WHAT THE EXERCISE ASKS: Exactly as they stand, copy the lines from the one containing "Hotel Bhotekoshi Heli Resort" to the final line of the data; leave out the pictures.

─── SOURCE DATA

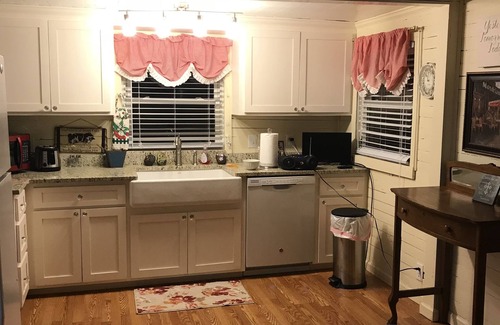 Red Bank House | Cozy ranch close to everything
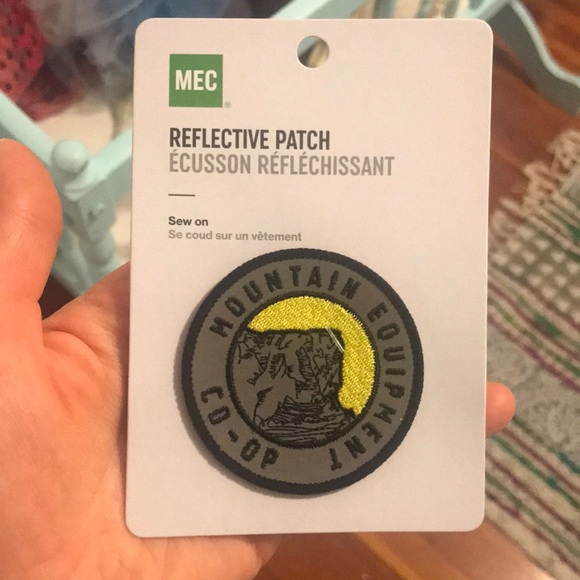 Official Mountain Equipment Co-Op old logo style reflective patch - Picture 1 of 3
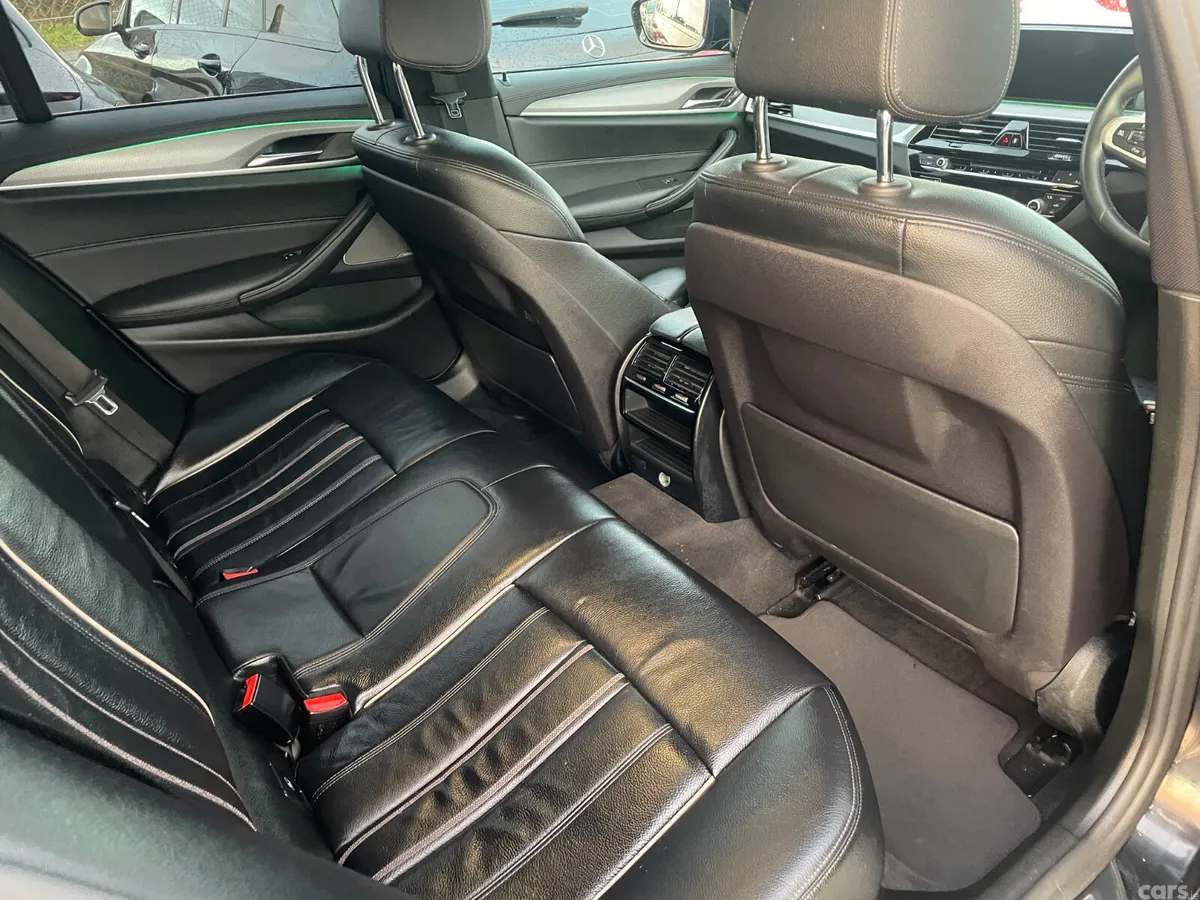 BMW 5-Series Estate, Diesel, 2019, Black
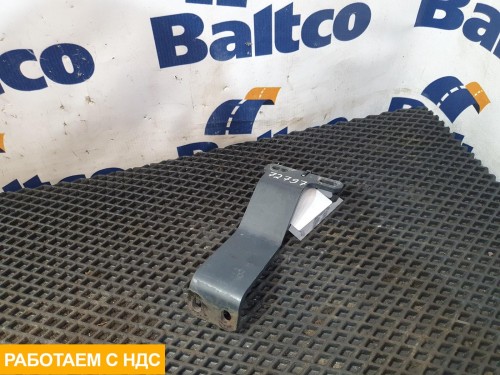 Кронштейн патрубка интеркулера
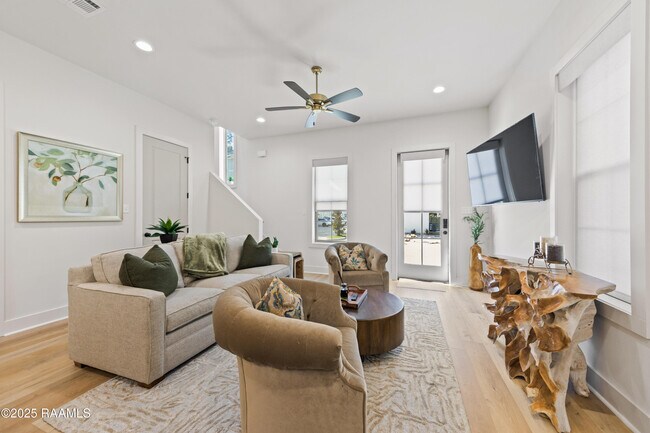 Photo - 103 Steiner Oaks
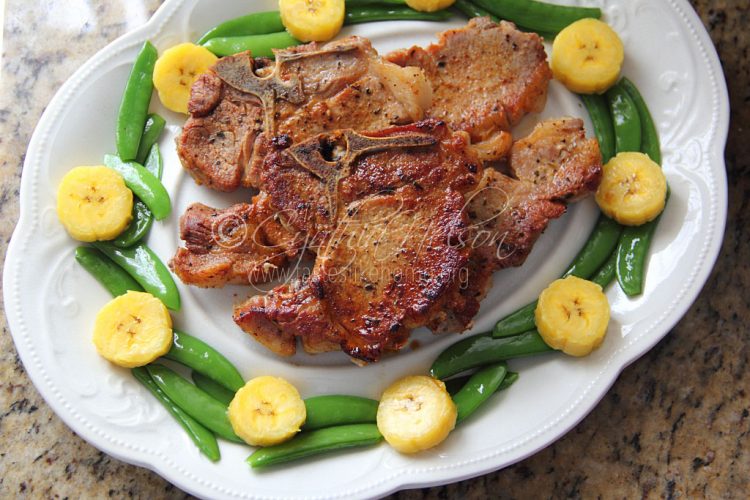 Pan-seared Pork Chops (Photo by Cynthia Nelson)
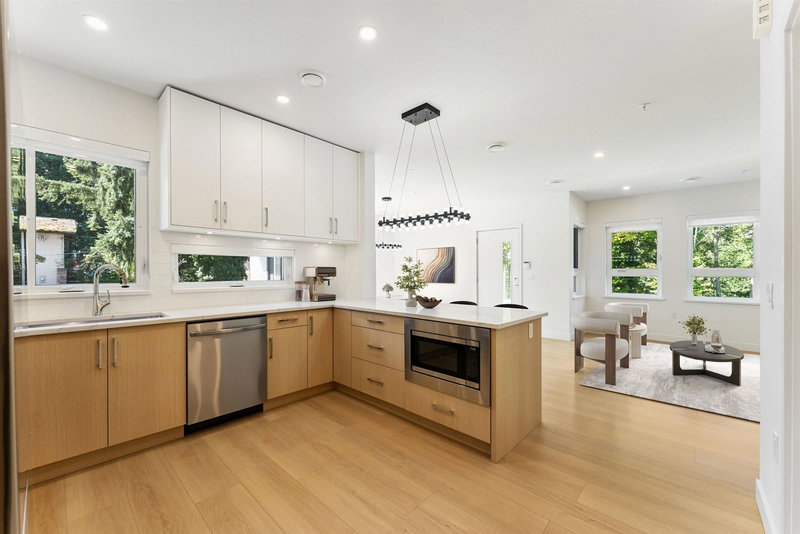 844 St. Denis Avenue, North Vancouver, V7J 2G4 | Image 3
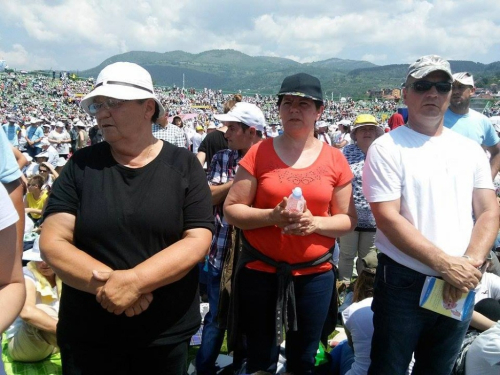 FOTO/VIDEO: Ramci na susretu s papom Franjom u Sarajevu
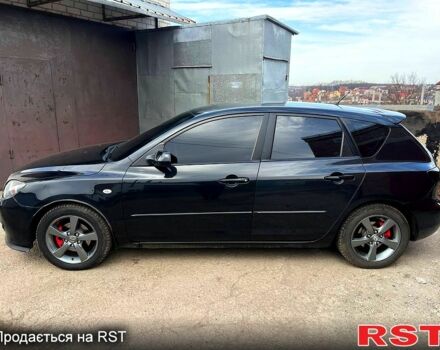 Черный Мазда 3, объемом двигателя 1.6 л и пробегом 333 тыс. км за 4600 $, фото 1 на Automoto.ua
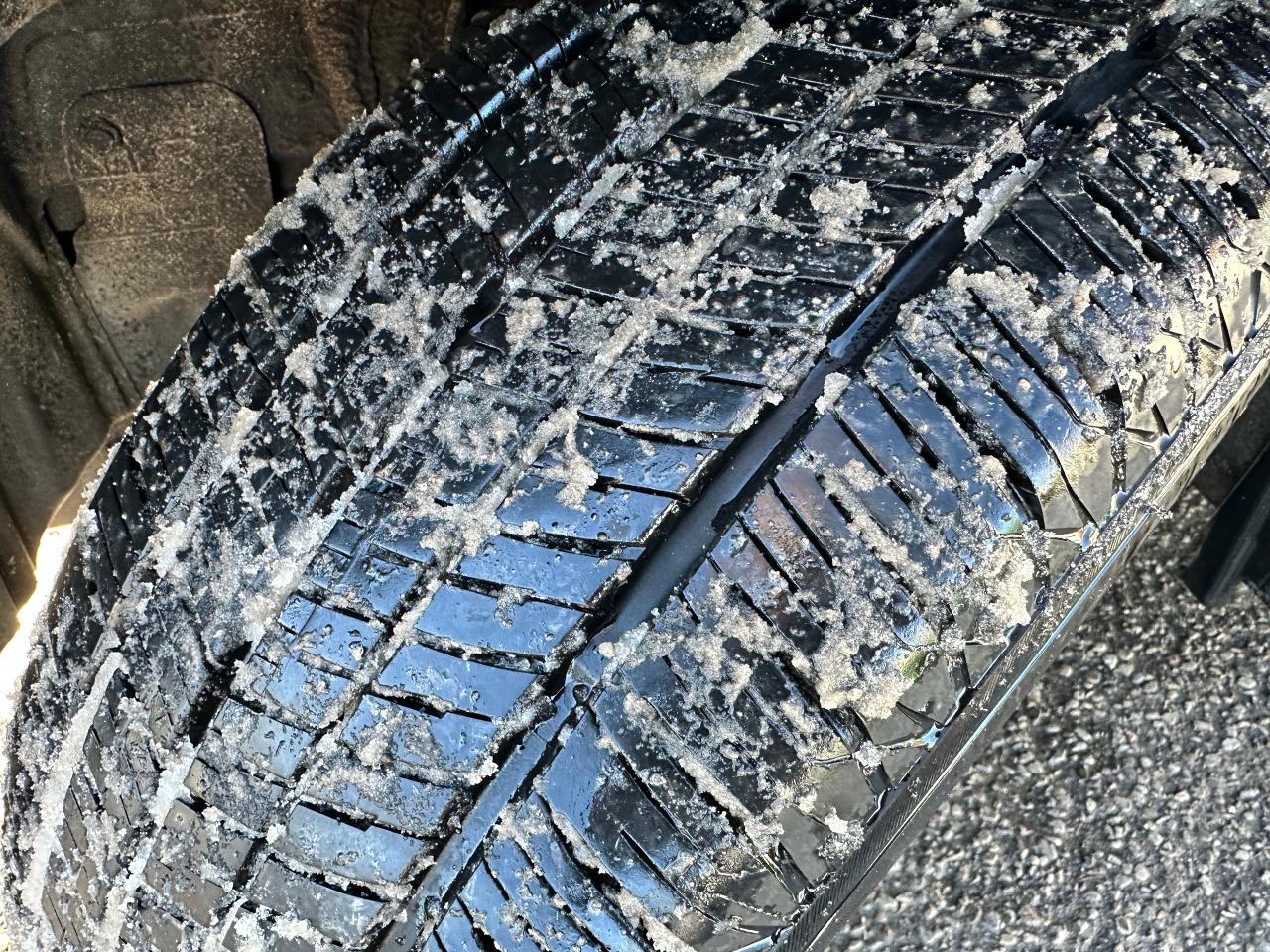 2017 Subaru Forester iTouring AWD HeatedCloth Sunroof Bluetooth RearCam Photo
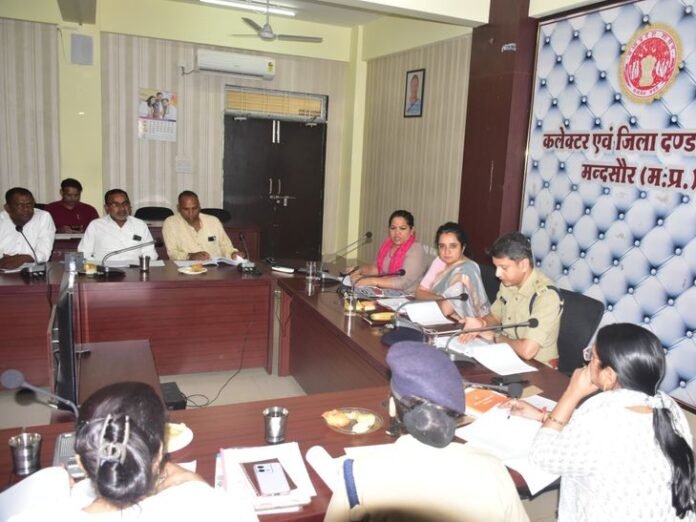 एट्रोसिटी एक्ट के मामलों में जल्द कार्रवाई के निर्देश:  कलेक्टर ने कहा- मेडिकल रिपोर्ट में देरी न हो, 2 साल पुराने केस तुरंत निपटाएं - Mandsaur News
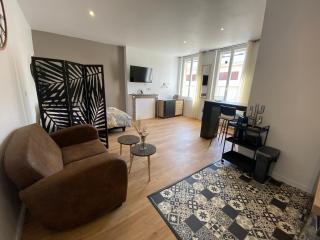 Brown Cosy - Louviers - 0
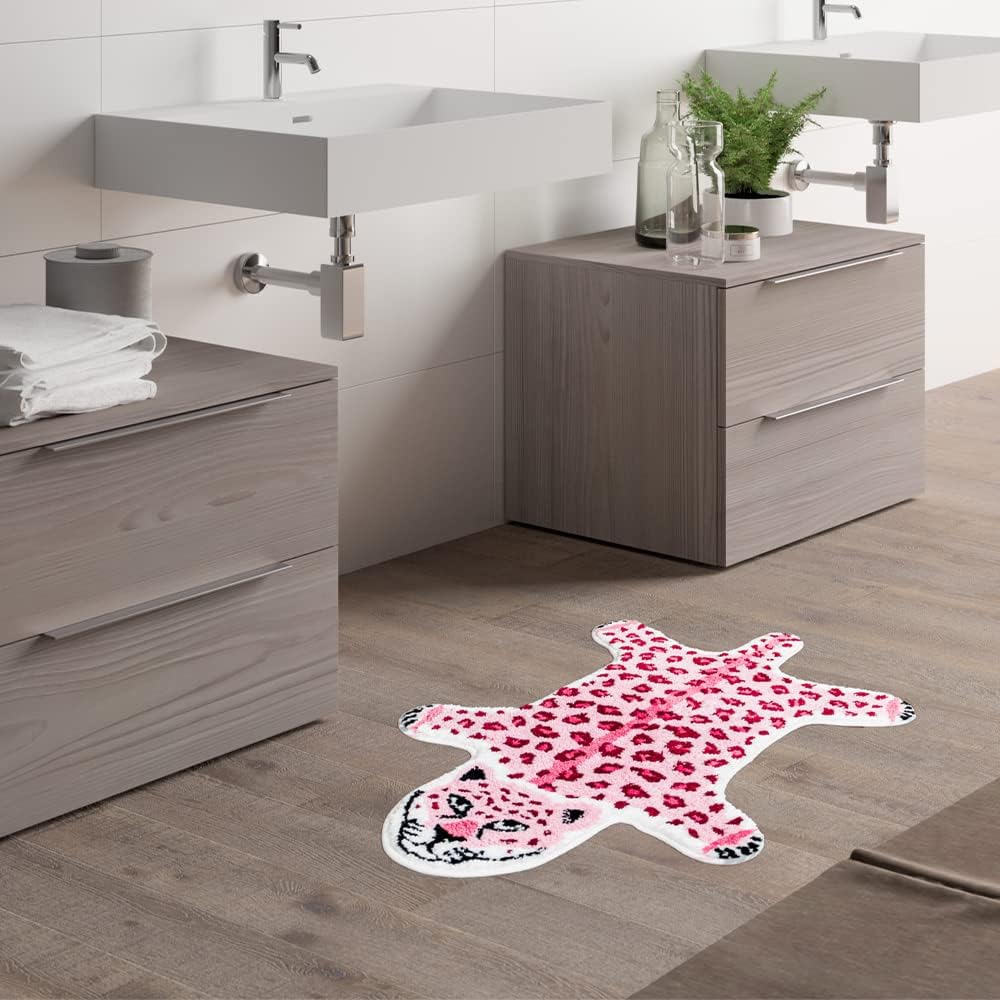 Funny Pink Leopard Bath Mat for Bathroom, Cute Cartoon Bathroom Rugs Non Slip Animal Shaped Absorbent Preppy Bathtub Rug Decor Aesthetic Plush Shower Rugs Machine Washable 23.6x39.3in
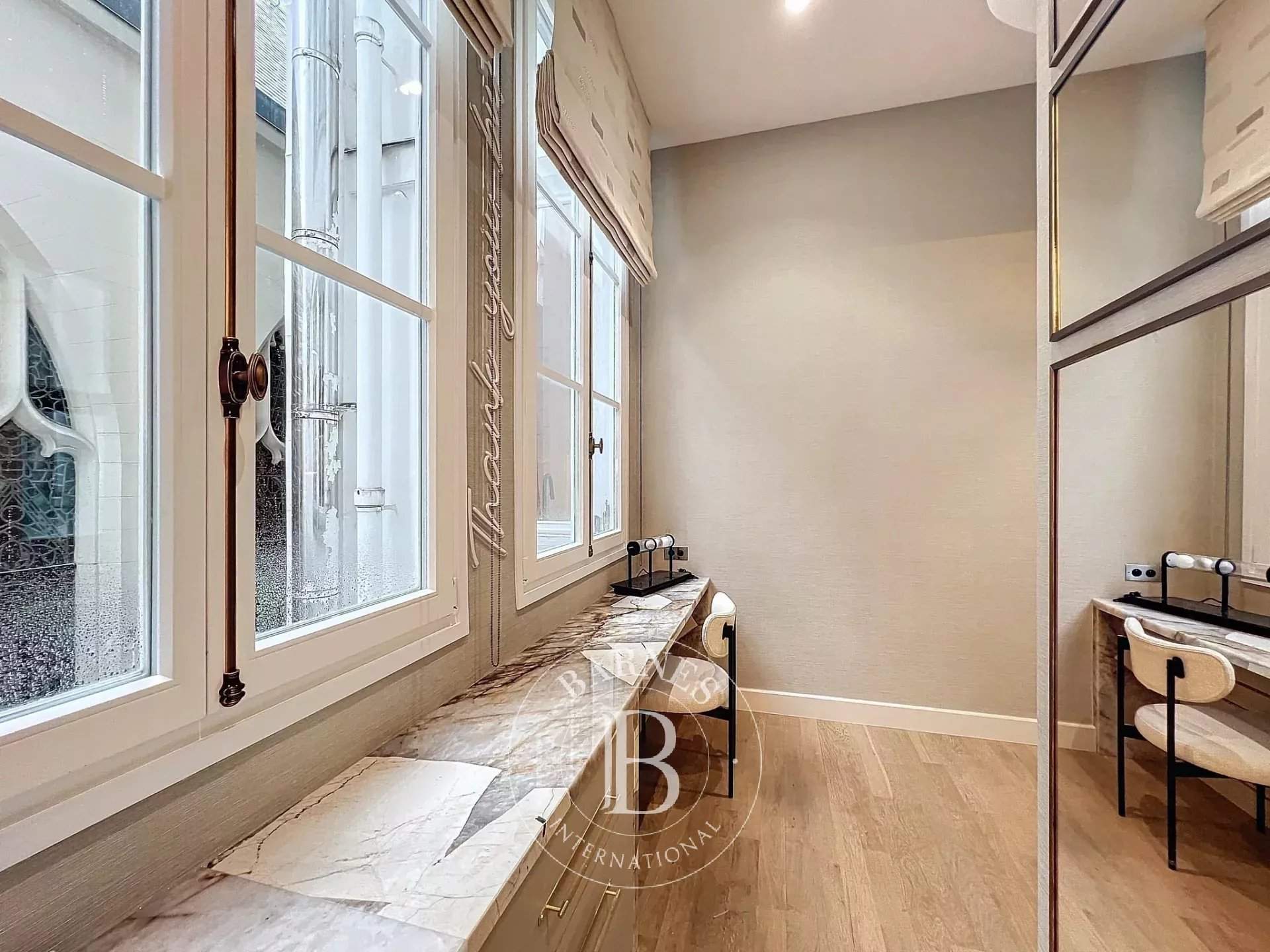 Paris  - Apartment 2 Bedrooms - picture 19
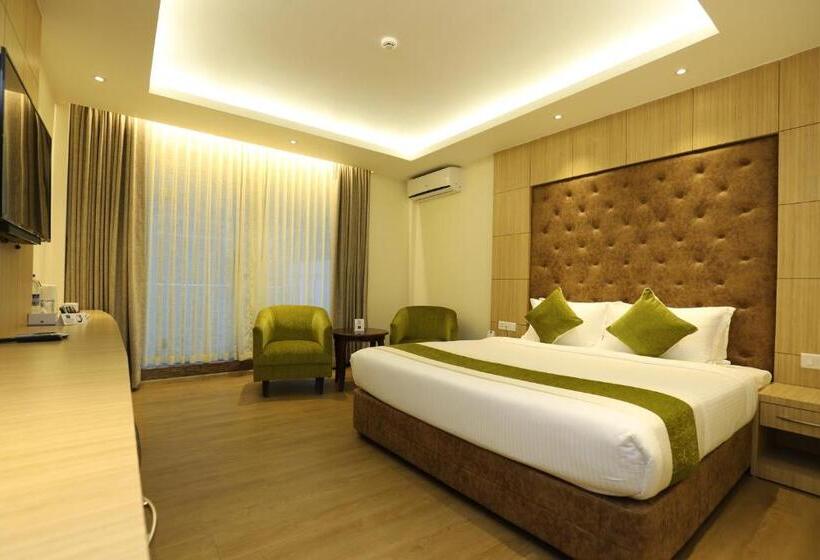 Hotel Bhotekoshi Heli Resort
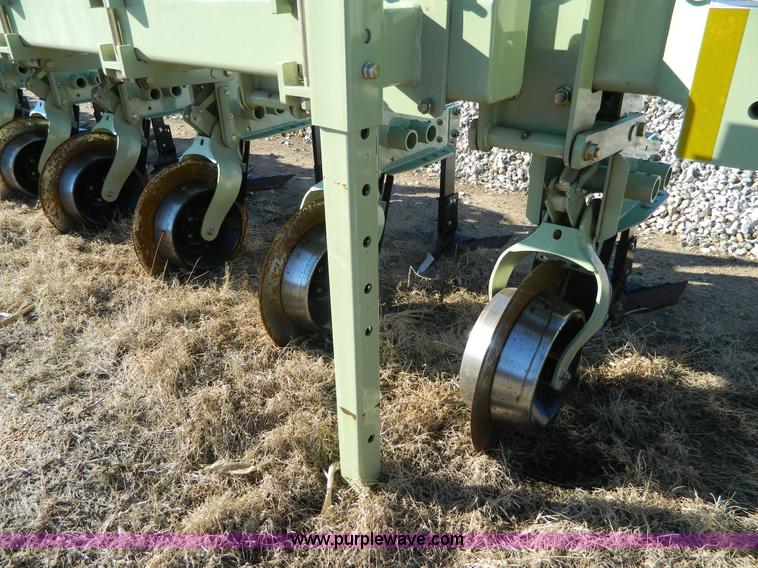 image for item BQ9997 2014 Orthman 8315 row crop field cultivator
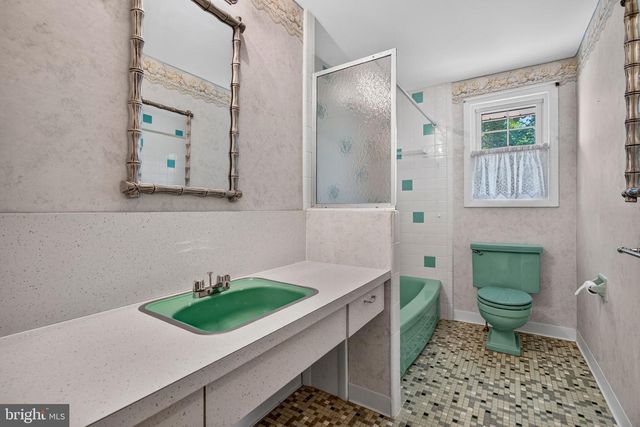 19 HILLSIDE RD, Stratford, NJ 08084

──────

SOLUTION FOR THIS TASK:
 Hotel Bhotekoshi Heli Resort
 image for item BQ9997 2014 Orthman 8315 row crop field cultivator
 19 HILLSIDE RD, Stratford, NJ 08084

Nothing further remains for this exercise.